Пинкерсон ожесточенно отплевывался. Я принюхался — пахло хорошим туалетным мылом. Должно быть, Ламберт сунул кусочек за щеку, чтобы пускать пену, слыхал я о таком трюке.
— А как люди помирают, мистер, так и я преставился, — охотно ответил несостоявшийся покойник. — Ем я, значит, и так хорошо мне, тепло… А потом раз — в живот будто нож воткнули, ни охнуть, ни вздохнуть, такая боль! Горло сдавило, перед глазами темно, хочу закричать — а голоса нет… И чудится мне, будто встаю я, а по сторонам — люди, кричат чего-то, а на меня внимания не обращают. Думаю, кого убили-то, как это я всё проглядел? — Он прокашлялся и продолжил: — Смотрю вниз — а это ж я лежу! Шарфик мой любимый, обмотки тоже…
Народ притих, внимая откровениям ожившего мертвеца.
— И тут чую, — вдохновенно вещал Ламберт, — кошка о ноги мои трется. Хорошая такая кошка, с буквой «М» на лбу, счастливая, значит… И говорит: пойдем со мной, мил человек, провожу, а то заблудишься с непривычки. Больно уж вы, люди, глупые.
— Кошка говорит? — с глупым видом уточнил мужчина с пышными бакенбардами.
— Ну да! Я сам удивился, мистер, не бывает же такого, чтобы звери человеческим голосом разговаривали! — ответил Ламберт. — И тут до меня, значит, дошло — я ж помер! Потому и кошку понимаю… И так мне страшно стало, я давай обратно в свое тело укладываться — а не лезу!
— Вот почему его судороги били, — со знанием дела воскликнула худая женщина в митенках. — Бедолага…
— Ага, тетенька, перепугался я — не приведи боже! — подтвердил Ламберт и утер нос грязной рукой. — А кошка мне говорит: зря стараешься, после бабкиной отравы никто еще живым не уходил, вот и мне не подфартило. А я, говорит, столько лет у нее жила, мышей ловила…

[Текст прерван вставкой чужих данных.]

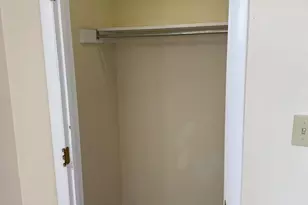 425 Factory St, Carlisle, PA 17013 - Photo 12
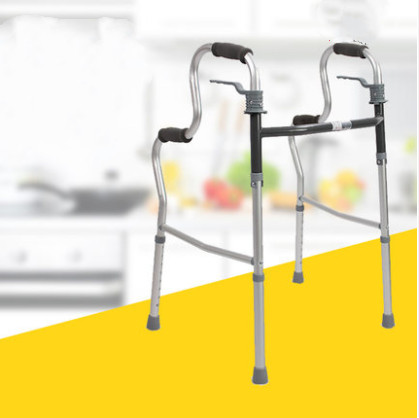 室内助行器002ELKF-ZX-002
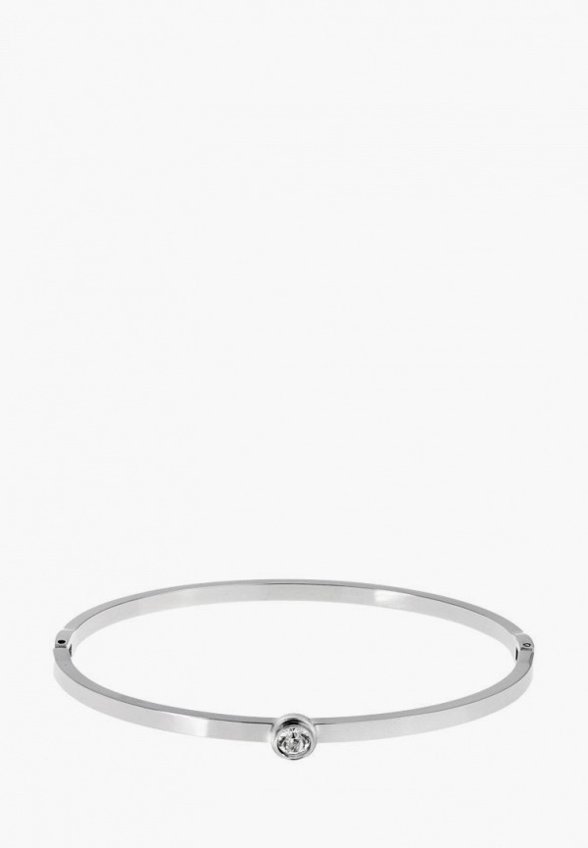 Браслет Ice&High Collection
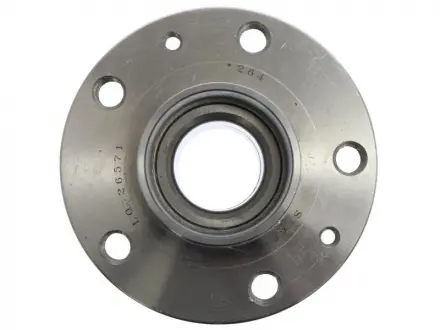 Подшипники ступицы колеса STARLINE LO 26571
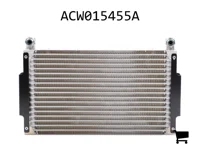 AGCO ACW015455A Масляный радиатор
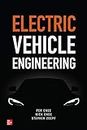 Electric Vehicle Engineering (ELECTRONICS)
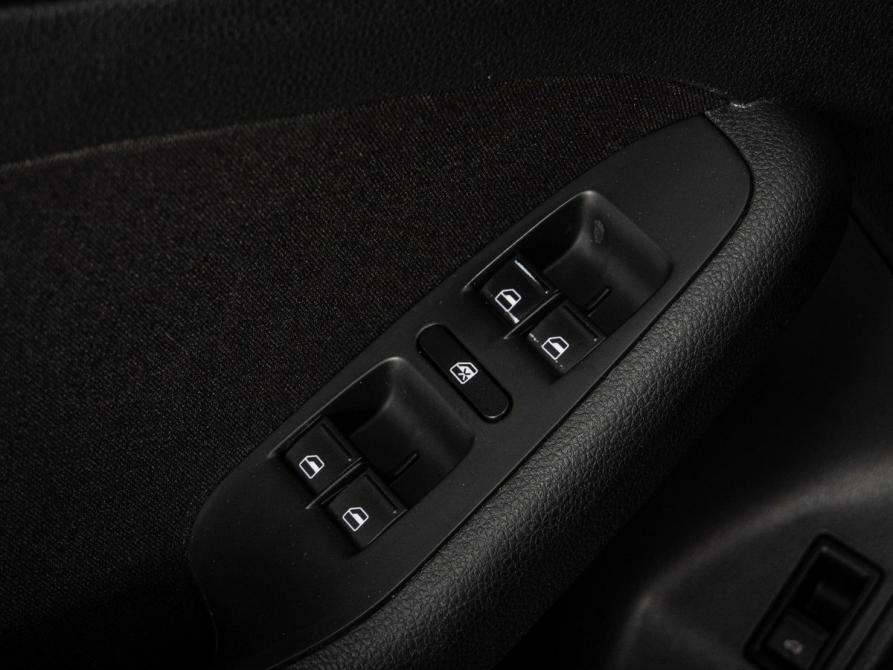 Volkswagen Jetta VI Рестайлинг Казань  - изображение 14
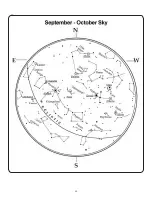 Preview for 35 page of Celestron CGEM DX Instruction Manual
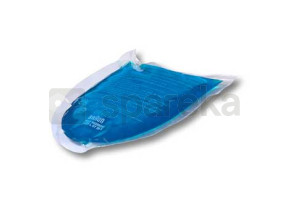 Poche de gel 67030938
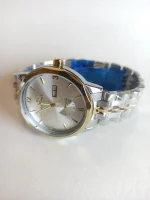 ساعت مچی مردانه اورجینال برند الگانس کد3 - تصویر 4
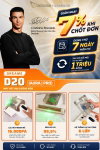 trai-nghiem-mien-phi-dreame-d20-aura-pro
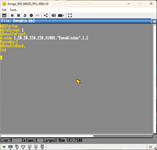 BlitzBasic2-Code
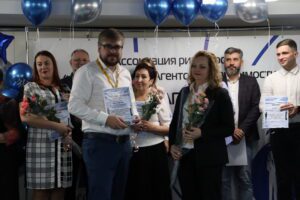 ЛУАН: 10 лет - миссия выполнима!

— Что-о?! — взвыла мисс Тертли. — Это мистер Кин ее сглазил!
— Не знаю я, кто такой мистер Кин, — бодро соврал Ламберт, — а только кошка сказала: я, мол, видела, как старуха что-то в похлебку сыпала. И позавчера видела, и раньше, да не смекнула, соображения кошачьего не хватило. Полизала разлитой похлебки, да и околела. Тоже, говорит, живот болел и в глазах темнело…
— Неправда! — заголосила мисс Тертли. — Инспектор! Что ж вы слушаете, как меня, честную женщину, какой-то проходимец прилюдно поносит? Арестуйте его немедленно!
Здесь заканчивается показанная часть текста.